§ **Exercise materials**:
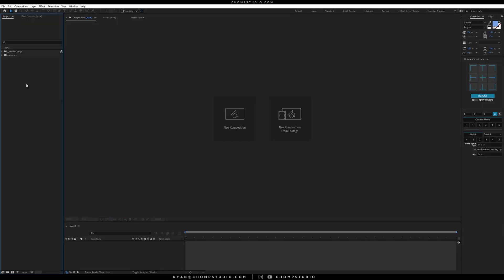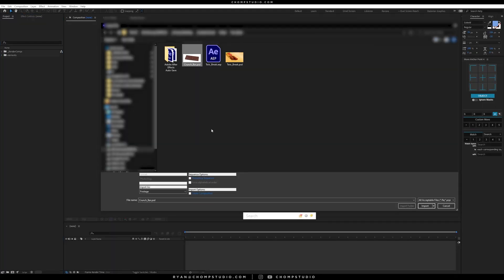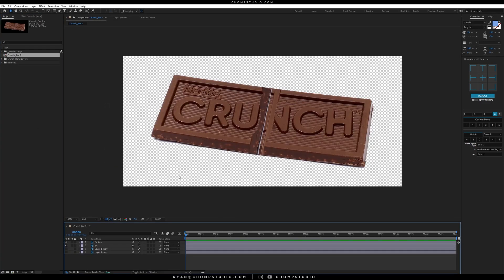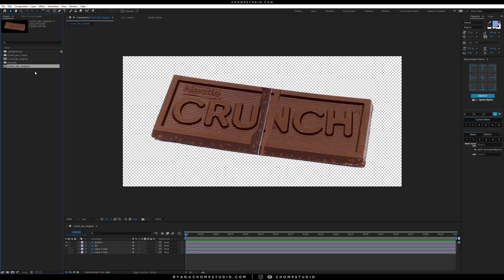In After Effects, let's open up our crunch bar and bring it in as a composition, retaining the layer sizes. Here we have our crunch bar layer. I'm going to call this one 'original,' then duplicate it and call the duplicate 'crunch bar break.'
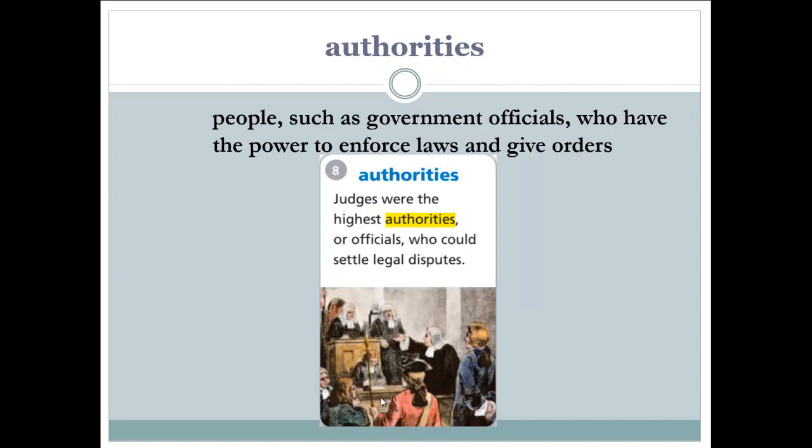The authorities. The authorities are the people who have the power to enforce law and to give orders — for example, government officials. Authorities are people who work in the government and can enforce laws and give orders to others. Let's read the example: judges were the highest authorities, or officials, who could settle legal disputes — they had the power to settle legal fights.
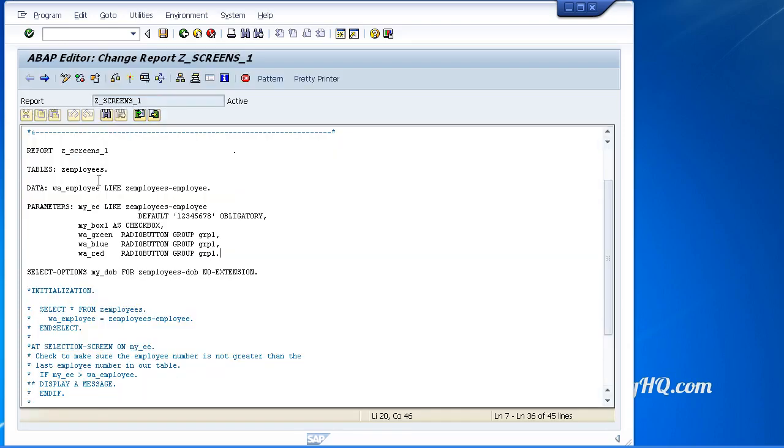Just remember when you are declaring screen elements, your parameters and select options, just go to your text elements, key in the text you want, and then it will be dragged through to the screen automatically.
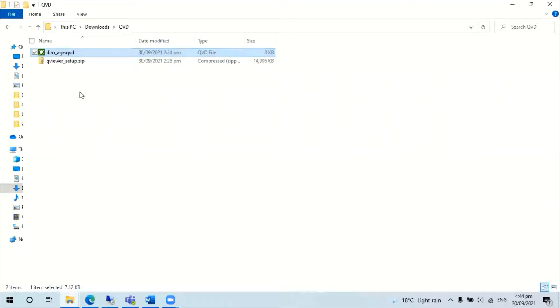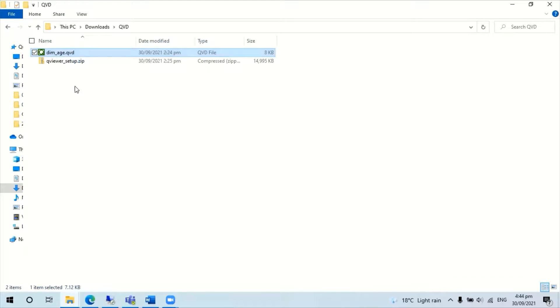Occasionally, you may want to check the content of the QVD file. You can use a text editor such as notepad to open the file.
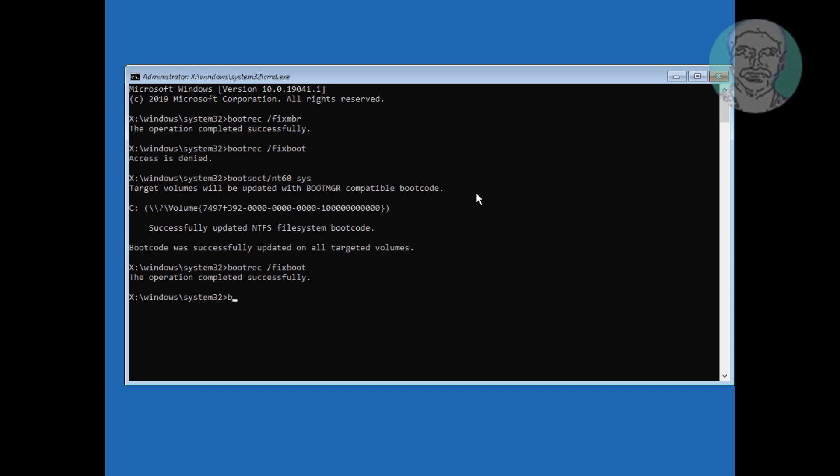Type bcdedit space slash export space c colon backslash bcd backup. Type attrib space c colon backslash boot backslash bcd space minus h space minus r space minus s.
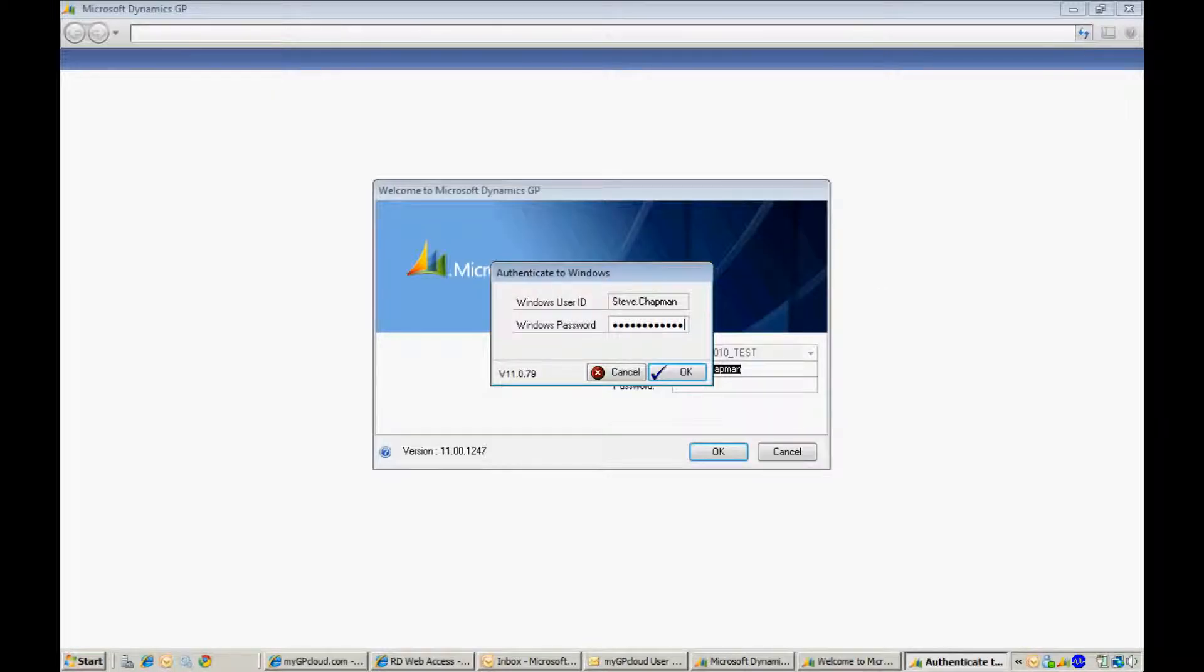When you first log in to your new system, you will be asked to associate your Windows login with your new Dynamics GP user ID and user password. This will facilitate single sign-on from this point on. So enter that information and then click OK.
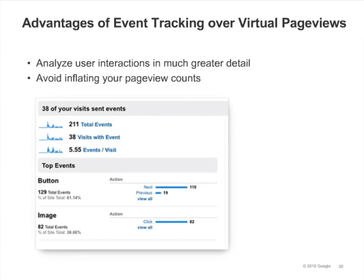Using trackEvent allows you to analyze event-based interactions in much greater detail than is possible using virtual page views. For example, instead of just seeing how many times a movie was played on your site, you can analyze how people use your video player and see how different events correlate with site usage in e-commerce metrics. Also, by tracking events separately from page views, you won't inflate your page view count.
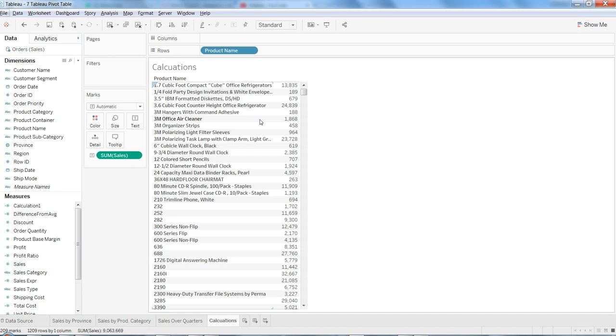Or in this case, what are our top products in which sales have happened. And similarly, what are those products where we had the least sales.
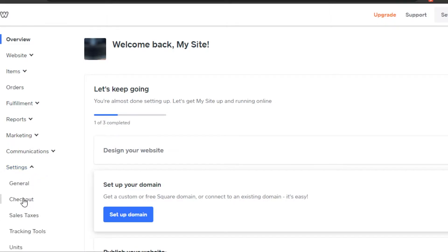In settings, go to checkout. In checkout you will find different payment settings that you can customize and edit.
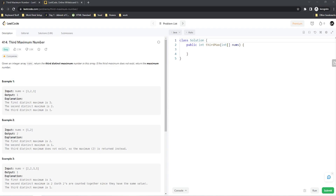Welcome back everyone to another video here in the Unknown Coder YouTube channel. Today we have another LeetCode problem, this time number 414, Third Maximum Number. This problem states that we're given an integer array called nums and we want to return the third distinct maximum number in this array.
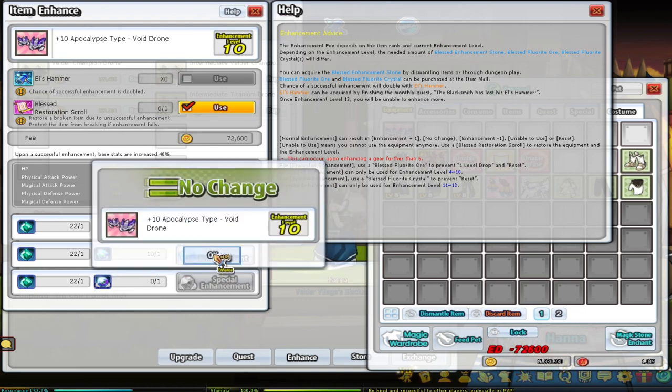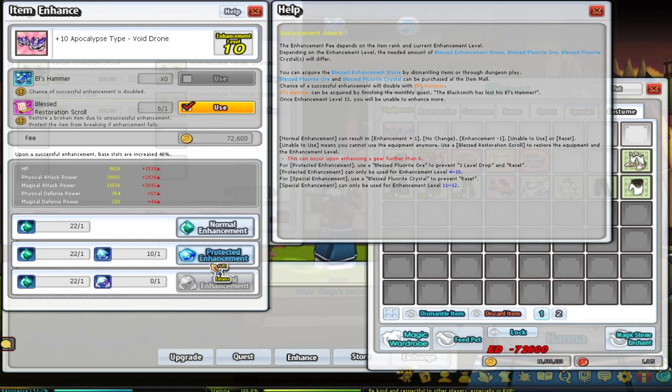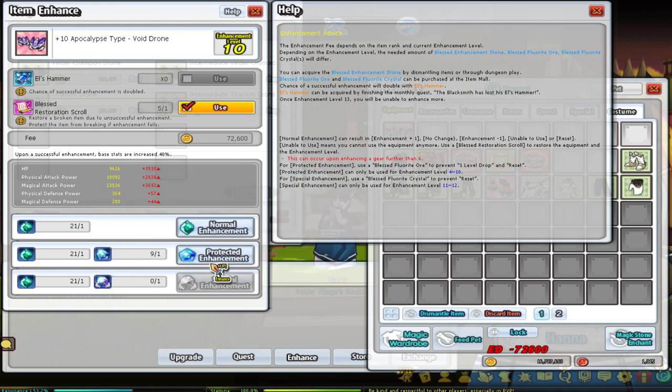Game. Pwede na tayo? Ayan ang mukwede na.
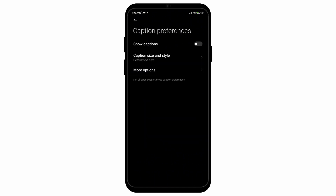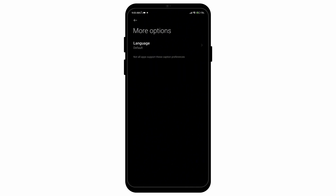Then you can tap on the option for show captions, or turn it off if you don't want to see the captions. You can also change the caption size and style. If you go to more options, you can also select the language for which you want the captions to be available in. But since you want to turn it off, simply toggle it off.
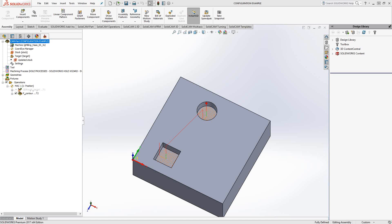Welcome to the SolidCAM University channel. This video's topic is working with configurations. As an add-on to SolidWorks, we can utilize the configurations you would have created in the SolidWorks design model.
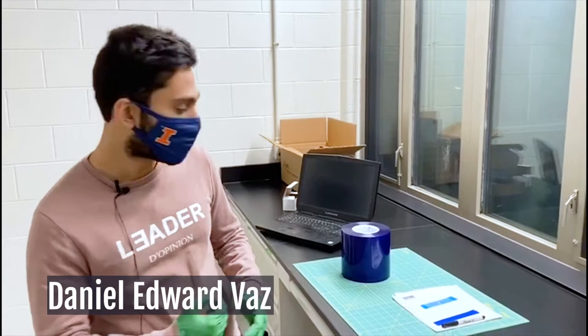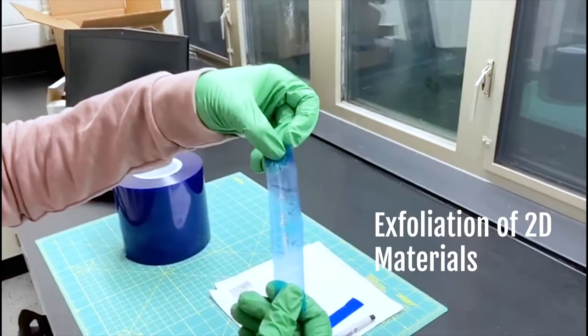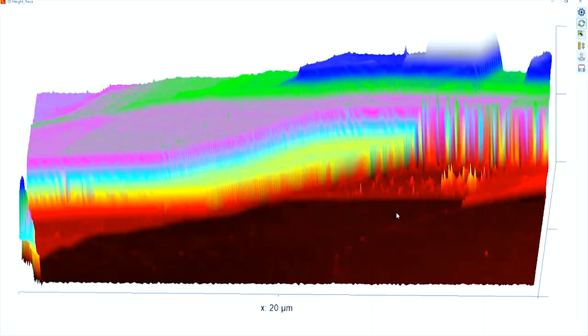My name is Daniel Lava-Voz and I work on 2D materials here in the Hoffmann Group. We try to exfoliate them to create more efficient memory devices. It's an exciting area at the interface of material science and physics.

§ **Exercise**: Leaving the pictures aside, transcribe the entire listing exactly.

§ **Response**:
In After Effects, let's open up our crunch bar and bring it in as a composition, retaining the layer sizes. Here we have our crunch bar layer. I'm going to call this one 'original,' then duplicate it and call the duplicate 'crunch bar break.'
The authorities. The authorities are the people who have the power to enforce law and to give orders — for example, government officials. Authorities are people who work in the government and can enforce laws and give orders to others. Let's read the example: judges were the highest authorities, or officials, who could settle legal disputes — they had the power to settle legal fights.
Just remember when you are declaring screen elements, your parameters and select options, just go to your text elements, key in the text you want, and then it will be dragged through to the screen automatically.
Occasionally, you may want to check the content of the QVD file. You can use a text editor such as notepad to open the file.
Type bcdedit space slash export space c colon backslash bcd backup. Type attrib space c colon backslash boot backslash bcd space minus h space minus r space minus s.
When you first log in to your new system, you will be asked to associate your Windows login with your new Dynamics GP user ID and user password. This will facilitate single sign-on from this point on. So enter that information and then click OK.
Using trackEvent allows you to analyze event-based interactions in much greater detail than is possible using virtual page views. For example, instead of just seeing how many times a movie was played on your site, you can analyze how people use your video player and see how different events correlate with site usage in e-commerce metrics. Also, by tracking events separately from page views, you won't inflate your page view count.
Or in this case, what are our top products in which sales have happened. And similarly, what are those products where we had the least sales.
In settings, go to checkout. In checkout you will find different payment settings that you can customize and edit.
Welcome back everyone to another video here in the Unknown Coder YouTube channel. Today we have another LeetCode problem, this time number 414, Third Maximum Number. This problem states that we're given an integer array called nums and we want to return the third distinct maximum number in this array.
Game. Pwede na tayo? Ayan ang mukwede na.
Then you can tap on the option for show captions, or turn it off if you don't want to see the captions. You can also change the caption size and style. If you go to more options, you can also select the language for which you want the captions to be available in. But since you want to turn it off, simply toggle it off.
Welcome to the SolidCAM University channel. This video's topic is working with configurations. As an add-on to SolidWorks, we can utilize the configurations you would have created in the SolidWorks design model.
My name is Daniel Lava-Voz and I work on 2D materials here in the Hoffmann Group. We try to exfoliate them to create more efficient memory devices. It's an exciting area at the interface of material science and physics.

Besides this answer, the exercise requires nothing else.